Richard Harris “Gladiator”“Tus defectos como hijo son mi fracaso como padre”.
El día en que nació no estaba previsto tal acontecimiento. Estábamos en plena Semana Santa y el ginecólogo planeó el día en que mi hijo vería la luz por primera vez. Supongo que para evitar que el niño le fastidiase unas vacaciones merecidas. Debe ser agotador andar todos los días con las estadísticas de natalidad a cuestas.
No es de extrañar que aquella criatura aterrizara en este mundo mostrándonos su primer enfado con toda su energía. Tras una batalla de fuerzas enfrentadas y manos apretadas hasta el dolor, por fin lo tuvimos en nuestros brazos, moradito de frío y pidiendo a gritos algo templado que llevarse al estómago. Aquel niño no venía del cálido útero materno, llegaba del frío y la hambruna de los años de la posguerra, con la cartilla de racionamiento extraviada.
Pero como no hay mal que cien años dure, mi hijo entró en calor y perdió aquel apetito devorador. Y creció. Tanto, que hace años que le hablo mirando hacia el techo.
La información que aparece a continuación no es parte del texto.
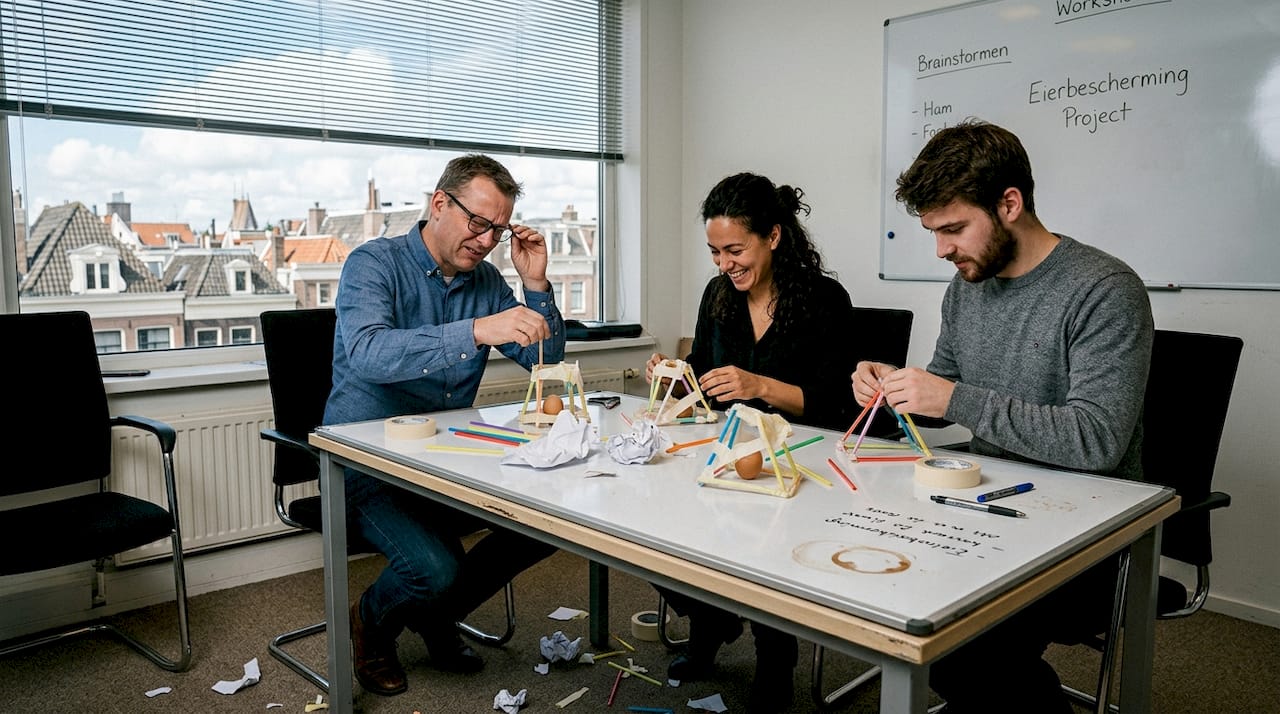 Een team werkt samen aan het bouwen van een constructie waarmee een ei een val kan overleven.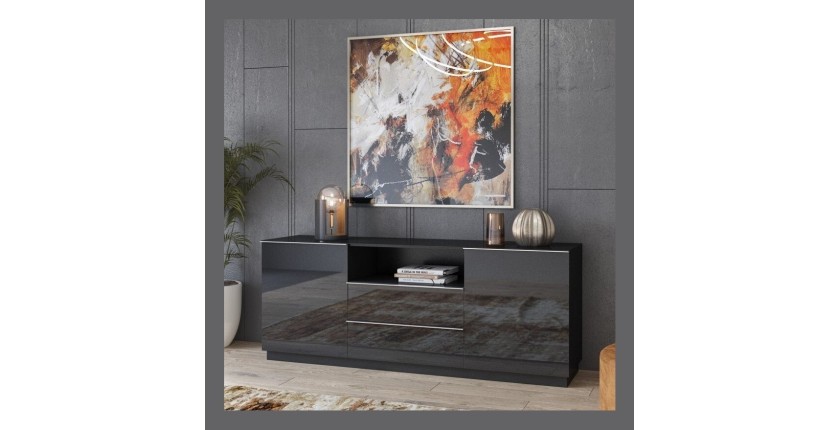 Buffet 180cm 2 portes et 2 tiroirs collection ZANTE. Coloris noir brillant pailleté. LED inclus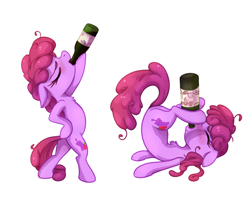 Size: 1260x1050 | Tagged: safe, artist:jumblehorse, artist:v747, character:berry punch, character:berryshine, species:pony, collaboration, drunk, female, mare, simple background, white background, wine bottle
A veces lo miro cuando sé que no me ve. Sólo entonces su timidez se deja observar. Me gusta imaginar lo que piensa, adivinar sus preocupaciones adolescentes, ponerme en su lugar, navegar de compañera con sus pensamientos…, y abrazarlo con la mirada.
Porque el tiempo de regalar los afectos se marchó con las papillas y los pañales, hoy dosifica los besos. Con dieciséis años no se puede andar besuqueando a mamá.
Su universo es pequeño, cabe en las cuatro paredes amarillas de su habitación, reposa en el caos de su mesa y navega por las páginas virtuales de una pantalla.
Y se aisla. Sube los decibelios de Irom Maiden al infinito y todo desaparece alrededor. La atmósfera se impregna de miles de átomos eléctricos que chocan contra las paredes que se vuelven de metal, y una legión de notas acústicas imposibles, se aderezan con voces de potencia inusual. Es su música, la que le eriza la piel.
La lealtad y la bondad ocupan su corazón sin dejar resquicios a maldades y traiciones que envenenen su alma. El mejor amigo…, el mejor hijo.
Con el tiempo me tomó la medida. Lo sé, encontró mi punto débil. Desdibuja mi gesto enojado con cuatro palabras zalameras. Y me desarma. Me vence, y yo me dejo vencer.
Cuando yo no esté velando sus sueños, sólo quiero que los ocupe alguna vez con mi recuerdo, y sienta que lo quise con todo mi ser,… que lo quiero.